Records contained in a dataset
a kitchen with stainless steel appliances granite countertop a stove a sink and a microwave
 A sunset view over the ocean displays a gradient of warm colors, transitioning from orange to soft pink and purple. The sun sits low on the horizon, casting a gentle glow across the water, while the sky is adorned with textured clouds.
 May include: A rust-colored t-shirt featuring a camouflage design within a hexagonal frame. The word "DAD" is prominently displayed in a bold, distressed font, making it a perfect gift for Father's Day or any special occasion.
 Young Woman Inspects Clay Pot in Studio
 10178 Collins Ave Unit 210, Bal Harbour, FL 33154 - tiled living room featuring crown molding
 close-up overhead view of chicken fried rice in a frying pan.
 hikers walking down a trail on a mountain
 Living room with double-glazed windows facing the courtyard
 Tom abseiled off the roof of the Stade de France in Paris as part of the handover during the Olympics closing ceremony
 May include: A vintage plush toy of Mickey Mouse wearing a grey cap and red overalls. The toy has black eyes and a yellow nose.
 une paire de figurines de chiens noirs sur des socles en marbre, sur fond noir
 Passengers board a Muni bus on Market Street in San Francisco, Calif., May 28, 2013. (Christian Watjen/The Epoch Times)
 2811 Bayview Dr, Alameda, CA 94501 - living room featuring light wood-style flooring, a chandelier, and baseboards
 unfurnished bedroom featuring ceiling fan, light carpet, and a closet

• [YOUR INSTRUCTIONS] Please give back the entries above, unchanged and complete.

• [EXERCISE ANSWER]
a kitchen with stainless steel appliances granite countertop a stove a sink and a microwave
 A sunset view over the ocean displays a gradient of warm colors, transitioning from orange to soft pink and purple. The sun sits low on the horizon, casting a gentle glow across the water, while the sky is adorned with textured clouds.
 May include: A rust-colored t-shirt featuring a camouflage design within a hexagonal frame. The word "DAD" is prominently displayed in a bold, distressed font, making it a perfect gift for Father's Day or any special occasion.
 Young Woman Inspects Clay Pot in Studio
 10178 Collins Ave Unit 210, Bal Harbour, FL 33154 - tiled living room featuring crown molding
 close-up overhead view of chicken fried rice in a frying pan.
 hikers walking down a trail on a mountain
 Living room with double-glazed windows facing the courtyard
 Tom abseiled off the roof of the Stade de France in Paris as part of the handover during the Olympics closing ceremony
 May include: A vintage plush toy of Mickey Mouse wearing a grey cap and red overalls. The toy has black eyes and a yellow nose.
 une paire de figurines de chiens noirs sur des socles en marbre, sur fond noir
 Passengers board a Muni bus on Market Street in San Francisco, Calif., May 28, 2013. (Christian Watjen/The Epoch Times)
 2811 Bayview Dr, Alameda, CA 94501 - living room featuring light wood-style flooring, a chandelier, and baseboards
 unfurnished bedroom featuring ceiling fan, light carpet, and a closet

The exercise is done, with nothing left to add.